BRIEF DESCRIPTION OF THE DRAWING
[0015] FIG. 1 shows a circuit diagram of a hydraulic drive having a
control loop, which is made up of a hydraulic cylinder or its
piston, a displacement sensor, which measures the position of the
piston, a valve, and a control electronics, which specifies a
control value for the valve. Using a limiter, it is possible
additionally to influence an actuating signal supplied to the
valve.
DETAILED DESCRIPTION OF EXAMPLE EMBODIMENTS
[0016] As shown in FIG. 1, a hydraulic drive has a differential
cylinder 1 having a piston 7 situated in it in a movable manner and
having a piston rod 4 capable of being shifted by piston 7. Piston
7 divides hydraulic cylinder 1 into a pressure chamber 3 on the
side of the piston rod and a pressure chamber 2 on the side
opposite of the piston rod. Piston rod 4 has attached to it a
cutting tool (not shown) with the aid of which a workpiece 6 is
cut. Pressure chamber 3 on the side of the piston rod is connected
to a hydraulic pump 11 and a accumulator 14 via line 12. Pressure
chamber 2 on the side opposite of the piston rod is connected to a
valve 10 via line 8. Using its valve piston, the valve controls the
connection of pressure chamber 2 to either the pressure medium
source, i.e., hydraulic pump 11 and accumulator 14, or to a
reservoir 5.
[0017] Valve 10 is triggered via a valve controller 16. Valve
controller 16 triggers an actuating magnet of valve 10 using a
specific current.

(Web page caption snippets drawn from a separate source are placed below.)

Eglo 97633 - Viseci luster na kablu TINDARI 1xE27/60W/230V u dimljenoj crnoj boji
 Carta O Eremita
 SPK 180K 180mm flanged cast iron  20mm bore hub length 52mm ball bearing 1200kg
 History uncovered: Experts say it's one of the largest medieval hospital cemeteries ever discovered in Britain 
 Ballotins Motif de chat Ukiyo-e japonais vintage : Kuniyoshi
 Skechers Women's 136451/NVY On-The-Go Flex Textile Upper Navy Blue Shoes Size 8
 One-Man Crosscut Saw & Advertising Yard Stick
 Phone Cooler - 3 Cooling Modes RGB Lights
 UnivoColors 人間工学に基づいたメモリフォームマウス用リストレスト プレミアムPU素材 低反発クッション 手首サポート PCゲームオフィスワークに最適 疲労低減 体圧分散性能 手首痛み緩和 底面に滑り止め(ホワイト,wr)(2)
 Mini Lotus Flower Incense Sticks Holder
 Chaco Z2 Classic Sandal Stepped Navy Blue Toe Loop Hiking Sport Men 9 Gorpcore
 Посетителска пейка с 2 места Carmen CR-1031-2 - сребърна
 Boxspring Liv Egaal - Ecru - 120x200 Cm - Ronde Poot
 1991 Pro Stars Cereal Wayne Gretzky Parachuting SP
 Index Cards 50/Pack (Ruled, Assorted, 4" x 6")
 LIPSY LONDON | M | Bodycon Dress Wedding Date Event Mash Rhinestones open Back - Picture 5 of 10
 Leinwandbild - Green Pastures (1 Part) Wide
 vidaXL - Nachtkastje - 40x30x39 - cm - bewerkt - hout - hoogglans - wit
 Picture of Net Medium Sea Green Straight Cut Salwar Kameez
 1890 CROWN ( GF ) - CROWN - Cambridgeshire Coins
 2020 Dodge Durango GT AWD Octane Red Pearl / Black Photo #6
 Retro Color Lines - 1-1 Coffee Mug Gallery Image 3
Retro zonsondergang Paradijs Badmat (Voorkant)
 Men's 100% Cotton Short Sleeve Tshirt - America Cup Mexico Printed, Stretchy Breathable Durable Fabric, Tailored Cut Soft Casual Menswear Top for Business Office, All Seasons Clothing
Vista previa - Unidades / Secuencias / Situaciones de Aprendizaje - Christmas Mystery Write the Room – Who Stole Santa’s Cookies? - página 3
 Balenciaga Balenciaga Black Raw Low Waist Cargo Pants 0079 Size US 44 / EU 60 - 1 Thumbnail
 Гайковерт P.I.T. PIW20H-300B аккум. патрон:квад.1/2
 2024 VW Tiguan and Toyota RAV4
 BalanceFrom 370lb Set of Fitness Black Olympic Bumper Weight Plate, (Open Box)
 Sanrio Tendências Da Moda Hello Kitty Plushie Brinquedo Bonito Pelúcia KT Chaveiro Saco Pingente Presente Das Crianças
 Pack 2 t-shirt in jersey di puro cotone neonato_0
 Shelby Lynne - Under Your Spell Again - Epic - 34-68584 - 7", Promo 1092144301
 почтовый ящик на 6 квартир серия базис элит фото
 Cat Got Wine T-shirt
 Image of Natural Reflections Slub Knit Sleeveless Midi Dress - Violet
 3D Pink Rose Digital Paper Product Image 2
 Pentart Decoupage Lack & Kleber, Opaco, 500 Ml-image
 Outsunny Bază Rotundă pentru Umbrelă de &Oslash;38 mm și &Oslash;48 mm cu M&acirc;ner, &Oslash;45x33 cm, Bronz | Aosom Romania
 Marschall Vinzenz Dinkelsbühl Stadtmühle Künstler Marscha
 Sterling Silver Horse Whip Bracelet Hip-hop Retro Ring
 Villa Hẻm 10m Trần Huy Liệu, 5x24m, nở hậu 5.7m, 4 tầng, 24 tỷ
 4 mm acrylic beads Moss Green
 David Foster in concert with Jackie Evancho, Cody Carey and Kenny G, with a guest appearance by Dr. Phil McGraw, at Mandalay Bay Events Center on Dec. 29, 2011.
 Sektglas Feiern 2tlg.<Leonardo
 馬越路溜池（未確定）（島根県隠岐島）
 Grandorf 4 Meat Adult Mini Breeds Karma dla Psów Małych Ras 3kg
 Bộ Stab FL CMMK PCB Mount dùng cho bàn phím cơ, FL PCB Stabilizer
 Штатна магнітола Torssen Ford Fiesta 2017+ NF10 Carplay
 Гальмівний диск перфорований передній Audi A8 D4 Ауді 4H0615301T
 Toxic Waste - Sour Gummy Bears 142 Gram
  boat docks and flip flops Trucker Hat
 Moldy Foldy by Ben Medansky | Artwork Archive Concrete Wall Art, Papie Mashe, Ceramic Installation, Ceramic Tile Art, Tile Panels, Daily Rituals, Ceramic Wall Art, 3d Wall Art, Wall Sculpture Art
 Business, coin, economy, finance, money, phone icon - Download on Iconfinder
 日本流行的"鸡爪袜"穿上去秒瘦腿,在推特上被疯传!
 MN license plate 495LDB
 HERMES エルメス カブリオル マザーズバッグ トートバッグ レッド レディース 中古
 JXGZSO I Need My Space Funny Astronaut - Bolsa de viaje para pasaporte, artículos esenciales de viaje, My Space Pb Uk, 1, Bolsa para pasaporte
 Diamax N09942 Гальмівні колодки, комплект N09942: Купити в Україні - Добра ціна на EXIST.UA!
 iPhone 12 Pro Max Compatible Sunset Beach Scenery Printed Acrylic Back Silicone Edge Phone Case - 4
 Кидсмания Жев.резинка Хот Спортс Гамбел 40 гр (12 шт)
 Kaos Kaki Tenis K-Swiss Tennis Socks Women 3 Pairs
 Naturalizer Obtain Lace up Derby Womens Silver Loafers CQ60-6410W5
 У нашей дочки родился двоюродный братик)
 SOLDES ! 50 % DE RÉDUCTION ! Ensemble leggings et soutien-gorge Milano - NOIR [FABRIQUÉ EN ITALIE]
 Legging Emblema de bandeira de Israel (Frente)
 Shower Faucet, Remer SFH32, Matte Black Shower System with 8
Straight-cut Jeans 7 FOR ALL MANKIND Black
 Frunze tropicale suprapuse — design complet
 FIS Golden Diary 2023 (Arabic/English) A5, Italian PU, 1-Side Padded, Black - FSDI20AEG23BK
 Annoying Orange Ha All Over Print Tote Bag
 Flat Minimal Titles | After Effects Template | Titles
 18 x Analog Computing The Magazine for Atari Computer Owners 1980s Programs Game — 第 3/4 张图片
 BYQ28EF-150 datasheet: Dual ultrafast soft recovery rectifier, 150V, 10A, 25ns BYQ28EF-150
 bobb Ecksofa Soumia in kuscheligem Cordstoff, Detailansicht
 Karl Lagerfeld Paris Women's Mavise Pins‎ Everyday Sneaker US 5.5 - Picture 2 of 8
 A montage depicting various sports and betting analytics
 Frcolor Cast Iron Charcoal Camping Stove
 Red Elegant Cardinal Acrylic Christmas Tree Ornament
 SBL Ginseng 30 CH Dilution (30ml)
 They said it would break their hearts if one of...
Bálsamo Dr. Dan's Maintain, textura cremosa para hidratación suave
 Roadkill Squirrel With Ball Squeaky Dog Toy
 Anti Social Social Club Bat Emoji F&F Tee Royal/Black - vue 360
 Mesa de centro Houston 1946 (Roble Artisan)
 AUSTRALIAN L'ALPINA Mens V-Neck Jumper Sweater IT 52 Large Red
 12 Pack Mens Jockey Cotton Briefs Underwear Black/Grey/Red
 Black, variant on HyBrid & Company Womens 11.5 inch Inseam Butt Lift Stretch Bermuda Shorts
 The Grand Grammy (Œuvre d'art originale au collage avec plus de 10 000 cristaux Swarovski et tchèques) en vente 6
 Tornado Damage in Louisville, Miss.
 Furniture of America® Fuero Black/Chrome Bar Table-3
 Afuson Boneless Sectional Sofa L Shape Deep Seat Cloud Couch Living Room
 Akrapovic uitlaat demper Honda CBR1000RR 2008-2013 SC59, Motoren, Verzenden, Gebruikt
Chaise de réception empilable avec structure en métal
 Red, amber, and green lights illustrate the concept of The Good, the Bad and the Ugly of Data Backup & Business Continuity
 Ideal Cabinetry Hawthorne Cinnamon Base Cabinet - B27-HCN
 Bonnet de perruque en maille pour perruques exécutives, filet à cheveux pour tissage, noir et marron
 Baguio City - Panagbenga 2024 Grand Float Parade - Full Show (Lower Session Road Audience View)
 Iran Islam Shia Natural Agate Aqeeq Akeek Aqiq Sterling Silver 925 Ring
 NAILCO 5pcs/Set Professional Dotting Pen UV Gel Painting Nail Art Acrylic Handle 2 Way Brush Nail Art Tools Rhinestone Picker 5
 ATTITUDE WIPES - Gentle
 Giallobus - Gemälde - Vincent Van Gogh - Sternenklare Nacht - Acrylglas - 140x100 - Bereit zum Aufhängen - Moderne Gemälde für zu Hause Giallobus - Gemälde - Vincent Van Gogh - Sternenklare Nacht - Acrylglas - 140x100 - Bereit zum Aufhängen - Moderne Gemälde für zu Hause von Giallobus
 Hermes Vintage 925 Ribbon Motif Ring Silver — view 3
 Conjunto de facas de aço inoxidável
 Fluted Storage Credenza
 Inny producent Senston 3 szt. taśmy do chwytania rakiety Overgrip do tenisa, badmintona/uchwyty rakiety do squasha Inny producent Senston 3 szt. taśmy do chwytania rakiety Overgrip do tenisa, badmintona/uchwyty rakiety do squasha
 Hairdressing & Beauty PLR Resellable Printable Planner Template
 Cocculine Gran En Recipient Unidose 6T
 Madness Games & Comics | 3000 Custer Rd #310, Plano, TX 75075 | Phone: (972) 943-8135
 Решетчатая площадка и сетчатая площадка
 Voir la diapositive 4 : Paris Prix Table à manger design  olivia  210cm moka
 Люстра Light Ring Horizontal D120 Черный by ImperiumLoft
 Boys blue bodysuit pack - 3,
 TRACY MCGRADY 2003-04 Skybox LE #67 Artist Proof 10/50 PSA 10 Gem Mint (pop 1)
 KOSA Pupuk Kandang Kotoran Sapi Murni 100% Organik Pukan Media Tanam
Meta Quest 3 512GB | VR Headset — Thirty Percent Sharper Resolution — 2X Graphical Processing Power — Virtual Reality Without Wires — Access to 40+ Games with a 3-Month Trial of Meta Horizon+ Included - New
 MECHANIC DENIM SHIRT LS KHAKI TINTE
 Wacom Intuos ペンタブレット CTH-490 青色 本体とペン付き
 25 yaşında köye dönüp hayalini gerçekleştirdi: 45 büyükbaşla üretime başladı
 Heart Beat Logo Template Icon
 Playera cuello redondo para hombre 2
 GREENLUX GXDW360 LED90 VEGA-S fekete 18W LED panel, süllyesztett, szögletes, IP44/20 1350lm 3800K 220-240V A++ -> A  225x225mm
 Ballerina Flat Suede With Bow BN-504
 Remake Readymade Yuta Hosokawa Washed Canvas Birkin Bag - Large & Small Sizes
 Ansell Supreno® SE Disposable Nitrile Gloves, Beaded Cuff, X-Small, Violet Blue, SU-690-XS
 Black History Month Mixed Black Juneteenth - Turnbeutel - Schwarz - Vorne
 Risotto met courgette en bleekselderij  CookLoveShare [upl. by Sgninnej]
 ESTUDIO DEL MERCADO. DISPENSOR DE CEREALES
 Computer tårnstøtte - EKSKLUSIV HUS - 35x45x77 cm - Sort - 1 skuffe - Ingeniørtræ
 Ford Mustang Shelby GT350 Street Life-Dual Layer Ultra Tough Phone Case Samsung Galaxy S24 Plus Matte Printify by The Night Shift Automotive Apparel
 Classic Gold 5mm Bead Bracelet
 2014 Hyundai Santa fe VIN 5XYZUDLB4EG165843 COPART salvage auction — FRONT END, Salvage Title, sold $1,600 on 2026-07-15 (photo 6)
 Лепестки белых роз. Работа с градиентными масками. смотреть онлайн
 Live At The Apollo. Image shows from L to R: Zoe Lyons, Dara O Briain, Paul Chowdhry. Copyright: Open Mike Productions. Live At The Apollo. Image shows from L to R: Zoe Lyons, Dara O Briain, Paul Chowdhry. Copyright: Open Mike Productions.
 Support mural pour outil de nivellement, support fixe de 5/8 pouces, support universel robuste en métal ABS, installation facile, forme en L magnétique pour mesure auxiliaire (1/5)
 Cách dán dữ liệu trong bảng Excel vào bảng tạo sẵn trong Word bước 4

Valve controller 16 receives an actuating signal
regarding the deflection of the valve piston and triggers the
actuating magnet in such a way that the valve piston assumes the
respective position.
[0018] The position of piston 7 of differential cylinder 1 is
detected by displacement sensor 15 and supplied as an actual signal
to a control electronics 20 at an input 21. Control electronics 20
has another input 22, at which it is supplied with a setpoint
signal for the position of piston 7. From these signals, control
electronics 20 generates an actuating signal 25 in order to trigger
valve 10. The pressure existing in pressure chamber 2 of
differential cylinder 1 located on the side opposite of the piston
rod is detected by pressure sensor 24 and supplied to a threshold
stage 26. The output signal of threshold stage 26 triggers a signal
switch 28. Actuating signal 25 of control electronics 20 is
supplied by signal switch 28 either directly to valve controller 16
or is first transferred to a signal limiter 30. The output signal
of signal limiter 30 in turn is supplied to valve controller
16.
[0019] The mode of operation of the hydraulic drive shown in FIG. 1
is explained in the following. Valve 10, displacement sensor 15 and
control electronics 20 form a position control loop with respect to
the position of piston 7 of differential cylinder 1. In the case of
a nibbling machine or punching machine, alternately a lower and an
upper reversal point of the nibbling movement is specified as a
setpoint value on setpoint input 22 of the control electronics. The
lower reversal point lies just below the lower surface of the
workpiece facing away from the tool. As a function of the setpoint
value and the actual position of piston 7, the control electronics
generates an actuating signal 25 for triggering valve 10. Valve 10,
by the way, together with its valve controller 16 represents a
subordinate position control loop with respect to the position of
the valve piston.
[0020] Pressure sensor 24 detects the pressure applied to pressure
chamber 2. This pressure signal is supplied to threshold stage 26.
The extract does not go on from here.